The festival has placed a strong and very visible security presence at the entrance to the beer tent (as usual) and also has a security person at the entrance to the site.  I've locked my bike out there
(a few more racks at the front would be fantastic) because then I can unlock and know my bike and I are safe under his watchful gaze.

An exit from the rink that doesn't involve a stroll down an alley behind the rink would go a long way to making the site feel safer for this woman after dark. 

Meanwhile Honest Ed's is tagged and abandoned.  As I biked past it on the way home from the Tarragon the other night, I couldn't help but wonder why the festival couldn't have been allowed to use the site until construction actually started. An entire, once vibrant block of the city is now a dead zone of chain-link fence and vacant properties. There's another block of tagged hoarding and chain-link fence on the walk from the Factory to the site, along Bathurst Street between Adelaide and Queen, where some scammy developer has only managed to acquire half the houses he's hoping to raze for yet another condo project.

The festival has made the best of a bad business - a site move in downtown Toronto: a city with exploding land values and massive intensification in the core. It's too bad the festival can't just take over half the CNE for 2 weeks - or relocate there permanently and have a permanent location like Edmonton has with theatres on-site.  The Queen Elizabeth is certainly under-utilized.

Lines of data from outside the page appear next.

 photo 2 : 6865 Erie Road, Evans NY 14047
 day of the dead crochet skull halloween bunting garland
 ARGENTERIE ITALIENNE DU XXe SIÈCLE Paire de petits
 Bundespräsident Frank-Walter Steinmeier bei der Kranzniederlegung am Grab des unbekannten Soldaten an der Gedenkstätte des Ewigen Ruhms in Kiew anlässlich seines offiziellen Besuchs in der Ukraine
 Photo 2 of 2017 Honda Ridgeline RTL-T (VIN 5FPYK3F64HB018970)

The art:  the festival is huge this year:  160 shows. I'm about half-way through my viewing. I've missed the Robert Gill as a venue. I also stupidly missed Delirium the other night because I under-calculated the length of time it would take me to bike to the Tarragon. Sorry, Martin.

There's been a great pool of acting talent on display this year. A few stand-out performances:Jakob Ehman in 10 Creative Ways to Dispose of Your Cremains, Adam Bailey in The Life of Henri and Penny Ashton in Olive Copperbottom who sings, dances and acts her way through a panoply of Dickensian characters with great verve and wit.She also wins hands-down for best costume of the festival. Vanessa Quesnelle in Moonlight After Midnight gives a star turn in beautiful and very affecting performance. She co-stars with her husband Martin Dockery who penned the script: there's real magic in their chemistry onstage.

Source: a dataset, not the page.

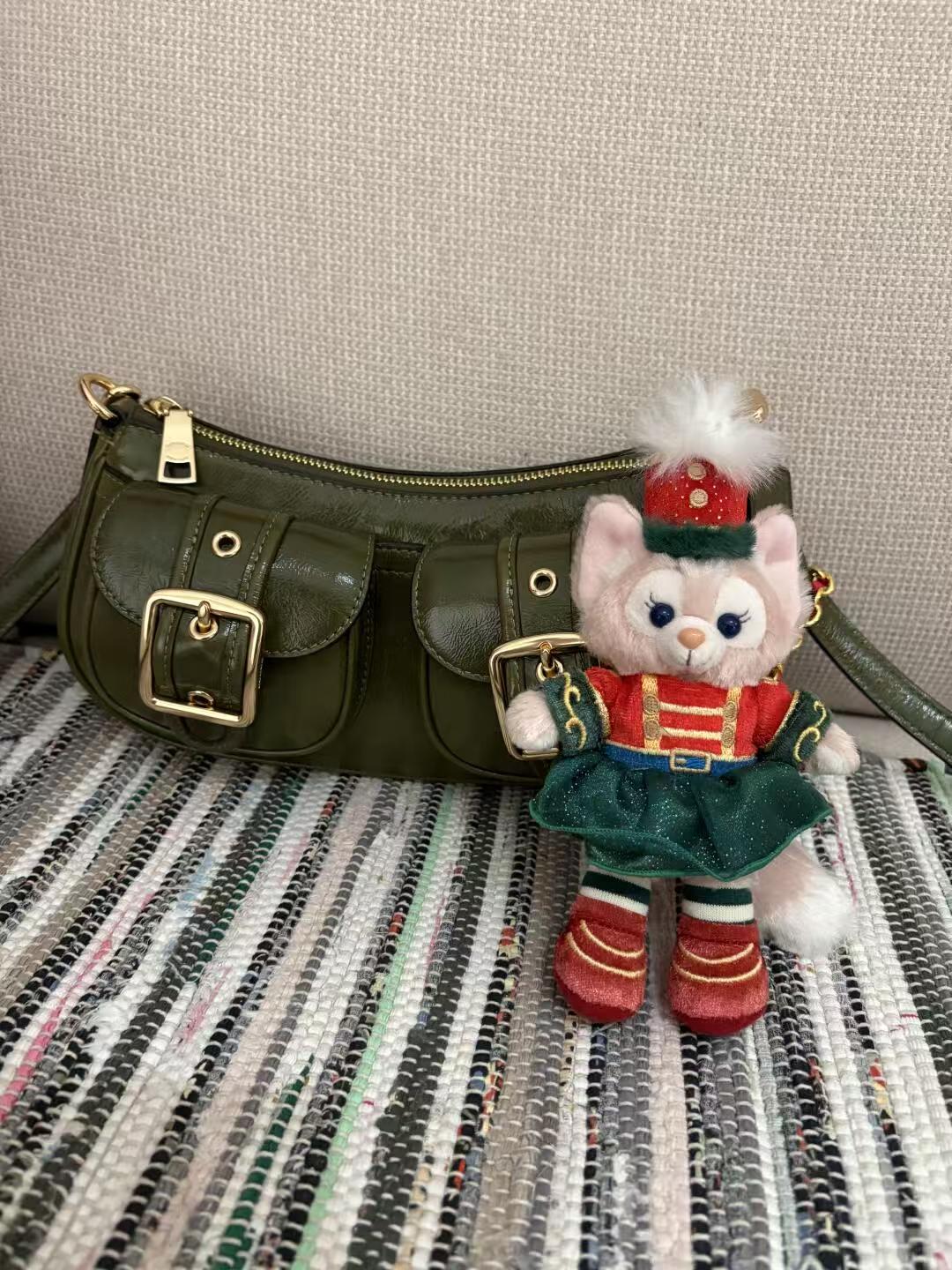 Hong Kong Disneyland Christmas Lina Belle Keychain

In other dynamic duos: Pete N' Chris killed it on Monday night before a packed throng of adoring fans in their utterly ridiculous romp through a series of holiday classics, A Peter n' Christ-mas Carol.  Similarly, Jessica Gabriel and Chloe Ziner (Mind of a Snail) created a saucy, feminist, mad and unique look at love sex and relationships in Multiple Organism. They got a big standing O from the crowd who howled with laughter (and recognition) throughout the show.

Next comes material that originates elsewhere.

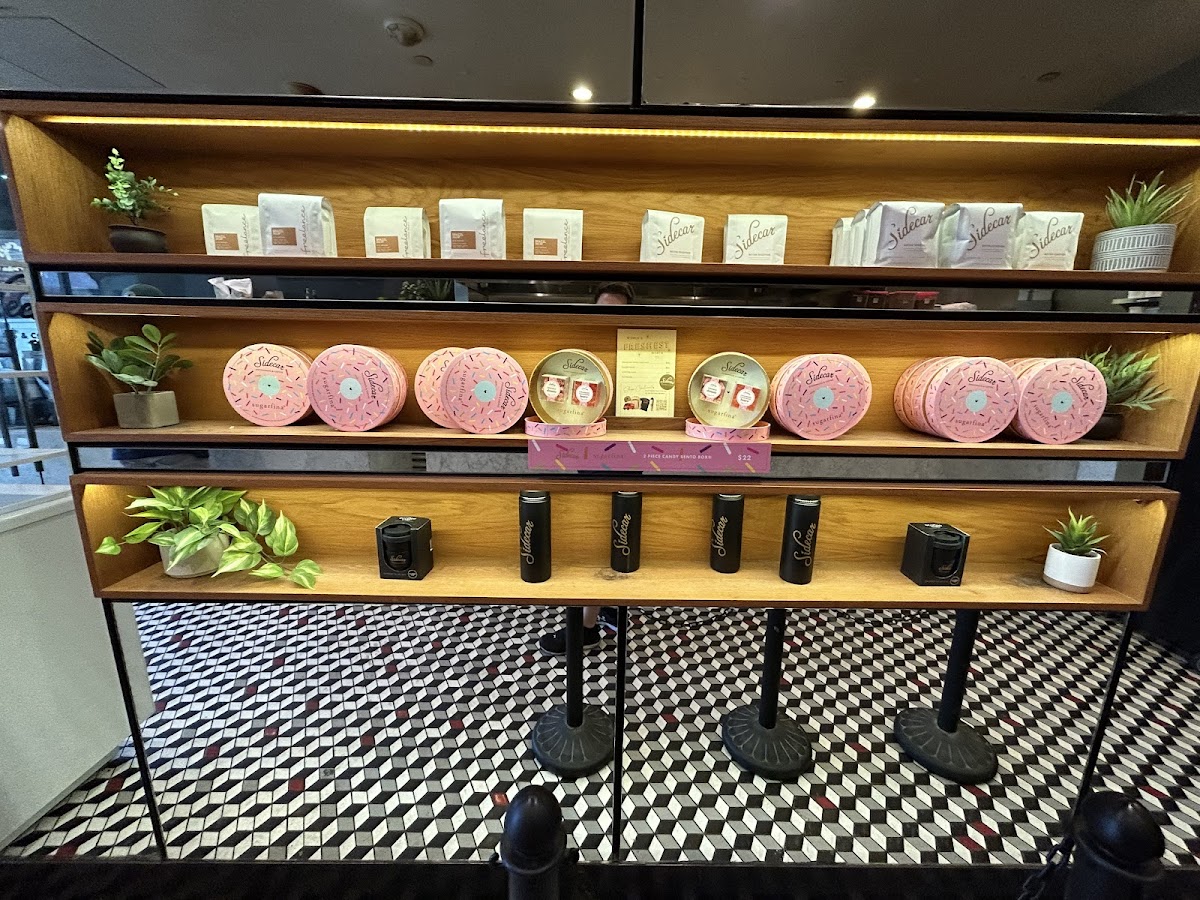 Sidecar Doughnuts & Coffee interior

Finally, I saw two solo shows that featured that rare combination of a great story and a terrific performance:  Sam Mullins in Weaksauce and Joanne O'Sullivan in She Grew Funny.

All the shows above are well worth a visit.

This weekend, I'm going to see quite a few shows created by women: more on that later. See you in the  line-ups and at the beer tent.




The Toronto Fringe continues at various sites across the West end of Toronto.  For schedules and tickets go to www.fringetoronto.com









Wednesday, July 5, 2017

Preview: TORONTO FRINGE 2017 - because I LIKE to watch...

 How do you know your Fringe billet is soon to arrive?

The rubber vomit in the mail should have been my first clue:  SHOULD is the operative word in this sentence.

Two weeks ago, a plain brown envelope arrived at my office containing a back-page -of the comics slab of rubber vomit.  Who the hell would gift me with a 10 year old boy's idea of a joke? No sender except for Amazon and some random gag supplier in Las Vegas.   A weekend of paranoid speculation ensued as well as a number of long, deep conversations about strategies for dealing with harassment.

A week later, I'm on Messenger with Penny Ashton.  She's my billet/Fringe guest this year.  Her promo materials arrived ahead of her - at my office as we arranged.  "Did you get my small package?"  she asked.  Oh no. I expected the posters, fliers and magnets but had totally forgotten about the parcel.  "Was it rubber vomit?"  I asked?  "Yes!"  I needed fake gruel and I thought - vomit - perfect!"  I sheepishly confessed to having returned it to sender with no note.  "Did they not put my name on it?"  No, because if they had, I would have known it was a prop.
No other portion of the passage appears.